Alon Abisola Arisicate Ajoke Olajuwon, better known as Abi Olajuwon (born July 6, 1988) is a Nigerian-American basketball coach and former player. Currently, she is an assistant coach for Connecticut Sun in the WNBA.

Olajuwon is the daughter of former NBA center Hakeem Olajuwon. Her name, Abisola Olajuwon, means "born into wealth and loved by all".

Playing career

High school and college
Born in Houston, Texas, Olajuwon played varsity basketball for her Californian high school, Marlborough School, and helped her team win three consecutive Southern Section titles.  Olajuwon was a 2006 McDonald's All-American, and was one of the most prized recruits of the 2006 graduating high school class.
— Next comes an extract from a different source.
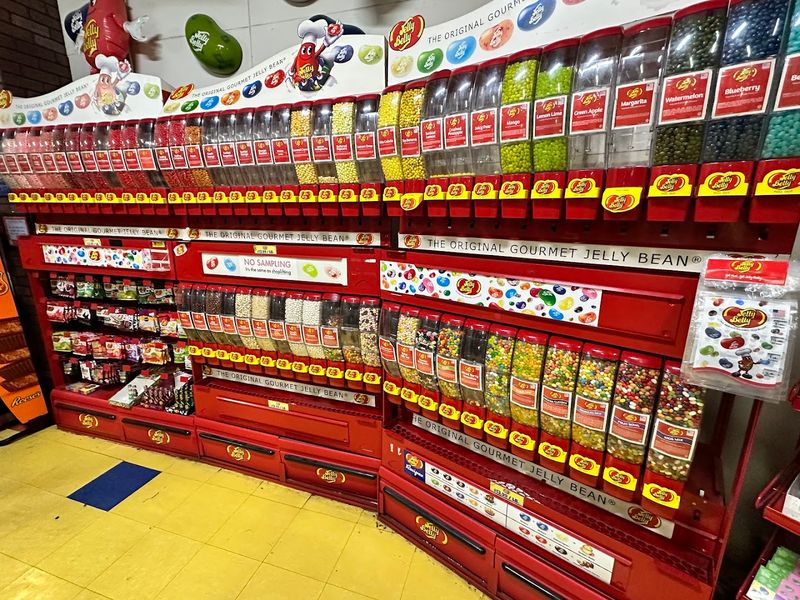 Why Hollywood Candy Works For All Ages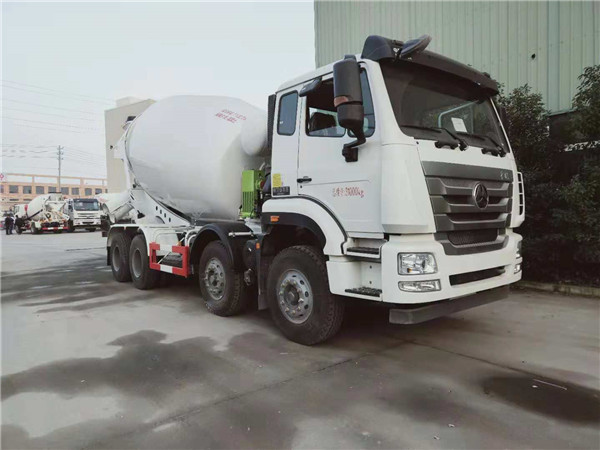 湖北隨州12方輕量化攪拌車多少錢一臺(tái)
She played college basketball at the University of Oklahoma, and ESPN basketball analyst Nancy Lieberman stated before the 2006–07 season that the addition of Olajuwon would help propel the Sooners into contention for the NCAA championship.

In 2010, she earned a Bachelor of Arts degree in broadcast journalism and electronic media at the University of Oklahoma.

Oklahoma statistics
Source

Professional
Olajuwon was drafted 28th overall (third round) by the Chicago Sky in the 2010 WNBA draft. However, she was waived during the season. After being waived, Olajuwon signed with Hungarian SEAT-Lami-Véd Győr, and later played for CSM Satu Mare (Romania).

In 2011, Olajuwon returned to the WNBA and was signed by the Tulsa Shock and played there during the 2011 season.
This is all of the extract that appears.